WORK TO COMPLETE: The expected answer is the data below, retyped exactly.

Short text fragments from websites
——
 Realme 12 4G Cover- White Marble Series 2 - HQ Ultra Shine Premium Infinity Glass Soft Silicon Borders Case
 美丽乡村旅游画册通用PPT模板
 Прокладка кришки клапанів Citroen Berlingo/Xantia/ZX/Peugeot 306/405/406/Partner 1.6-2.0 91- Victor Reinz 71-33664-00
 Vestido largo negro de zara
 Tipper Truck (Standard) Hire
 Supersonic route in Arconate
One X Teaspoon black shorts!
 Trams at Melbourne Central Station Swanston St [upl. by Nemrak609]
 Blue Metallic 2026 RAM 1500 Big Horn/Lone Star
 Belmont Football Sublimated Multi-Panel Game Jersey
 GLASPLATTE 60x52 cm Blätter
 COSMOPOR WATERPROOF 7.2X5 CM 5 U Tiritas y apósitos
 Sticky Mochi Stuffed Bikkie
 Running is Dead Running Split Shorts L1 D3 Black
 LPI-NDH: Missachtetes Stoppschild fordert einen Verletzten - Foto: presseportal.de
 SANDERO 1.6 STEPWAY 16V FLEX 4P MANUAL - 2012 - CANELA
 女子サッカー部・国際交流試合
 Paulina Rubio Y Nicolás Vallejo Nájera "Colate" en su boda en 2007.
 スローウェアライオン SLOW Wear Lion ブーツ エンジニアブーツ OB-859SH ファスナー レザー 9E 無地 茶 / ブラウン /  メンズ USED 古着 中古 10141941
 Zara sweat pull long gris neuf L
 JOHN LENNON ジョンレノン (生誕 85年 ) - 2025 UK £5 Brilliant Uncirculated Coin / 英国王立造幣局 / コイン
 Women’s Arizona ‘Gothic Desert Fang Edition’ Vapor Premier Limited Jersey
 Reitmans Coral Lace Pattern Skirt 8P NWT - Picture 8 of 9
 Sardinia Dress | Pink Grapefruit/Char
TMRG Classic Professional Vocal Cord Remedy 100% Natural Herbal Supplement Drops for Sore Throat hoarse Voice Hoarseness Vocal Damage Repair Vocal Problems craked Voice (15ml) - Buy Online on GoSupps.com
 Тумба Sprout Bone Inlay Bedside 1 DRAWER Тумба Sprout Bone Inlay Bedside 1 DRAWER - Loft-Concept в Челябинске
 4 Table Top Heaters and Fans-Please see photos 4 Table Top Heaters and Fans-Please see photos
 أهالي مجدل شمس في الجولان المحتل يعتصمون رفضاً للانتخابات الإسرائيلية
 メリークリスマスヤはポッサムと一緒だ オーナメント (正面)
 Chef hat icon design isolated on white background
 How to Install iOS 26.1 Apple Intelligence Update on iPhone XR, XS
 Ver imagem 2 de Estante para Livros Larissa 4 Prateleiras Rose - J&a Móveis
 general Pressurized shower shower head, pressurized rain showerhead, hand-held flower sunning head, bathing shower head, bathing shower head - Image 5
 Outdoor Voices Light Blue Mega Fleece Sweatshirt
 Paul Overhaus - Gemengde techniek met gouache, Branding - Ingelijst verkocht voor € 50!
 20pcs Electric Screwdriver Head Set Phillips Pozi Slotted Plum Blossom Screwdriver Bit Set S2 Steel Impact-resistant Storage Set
——
RESPONSE:
 Realme 12 4G Cover- White Marble Series 2 - HQ Ultra Shine Premium Infinity Glass Soft Silicon Borders Case
 美丽乡村旅游画册通用PPT模板
 Прокладка кришки клапанів Citroen Berlingo/Xantia/ZX/Peugeot 306/405/406/Partner 1.6-2.0 91- Victor Reinz 71-33664-00
 Vestido largo negro de zara
 Tipper Truck (Standard) Hire
 Supersonic route in Arconate
One X Teaspoon black shorts!
 Trams at Melbourne Central Station Swanston St [upl. by Nemrak609]
 Blue Metallic 2026 RAM 1500 Big Horn/Lone Star
 Belmont Football Sublimated Multi-Panel Game Jersey
 GLASPLATTE 60x52 cm Blätter
 COSMOPOR WATERPROOF 7.2X5 CM 5 U Tiritas y apósitos
 Sticky Mochi Stuffed Bikkie
 Running is Dead Running Split Shorts L1 D3 Black
 LPI-NDH: Missachtetes Stoppschild fordert einen Verletzten - Foto: presseportal.de
 SANDERO 1.6 STEPWAY 16V FLEX 4P MANUAL - 2012 - CANELA
 女子サッカー部・国際交流試合
 Paulina Rubio Y Nicolás Vallejo Nájera "Colate" en su boda en 2007.
 スローウェアライオン SLOW Wear Lion ブーツ エンジニアブーツ OB-859SH ファスナー レザー 9E 無地 茶 / ブラウン /  メンズ USED 古着 中古 10141941
 Zara sweat pull long gris neuf L
 JOHN LENNON ジョンレノン (生誕 85年 ) - 2025 UK £5 Brilliant Uncirculated Coin / 英国王立造幣局 / コイン
 Women’s Arizona ‘Gothic Desert Fang Edition’ Vapor Premier Limited Jersey
 Reitmans Coral Lace Pattern Skirt 8P NWT - Picture 8 of 9
 Sardinia Dress | Pink Grapefruit/Char
TMRG Classic Professional Vocal Cord Remedy 100% Natural Herbal Supplement Drops for Sore Throat hoarse Voice Hoarseness Vocal Damage Repair Vocal Problems craked Voice (15ml) - Buy Online on GoSupps.com
 Тумба Sprout Bone Inlay Bedside 1 DRAWER Тумба Sprout Bone Inlay Bedside 1 DRAWER - Loft-Concept в Челябинске
 4 Table Top Heaters and Fans-Please see photos 4 Table Top Heaters and Fans-Please see photos
 أهالي مجدل شمس في الجولان المحتل يعتصمون رفضاً للانتخابات الإسرائيلية
 メリークリスマスヤはポッサムと一緒だ オーナメント (正面)
 Chef hat icon design isolated on white background
 How to Install iOS 26.1 Apple Intelligence Update on iPhone XR, XS
 Ver imagem 2 de Estante para Livros Larissa 4 Prateleiras Rose - J&a Móveis
 general Pressurized shower shower head, pressurized rain showerhead, hand-held flower sunning head, bathing shower head, bathing shower head - Image 5
 Outdoor Voices Light Blue Mega Fleece Sweatshirt
 Paul Overhaus - Gemengde techniek met gouache, Branding - Ingelijst verkocht voor € 50!
 20pcs Electric Screwdriver Head Set Phillips Pozi Slotted Plum Blossom Screwdriver Bit Set S2 Steel Impact-resistant Storage Set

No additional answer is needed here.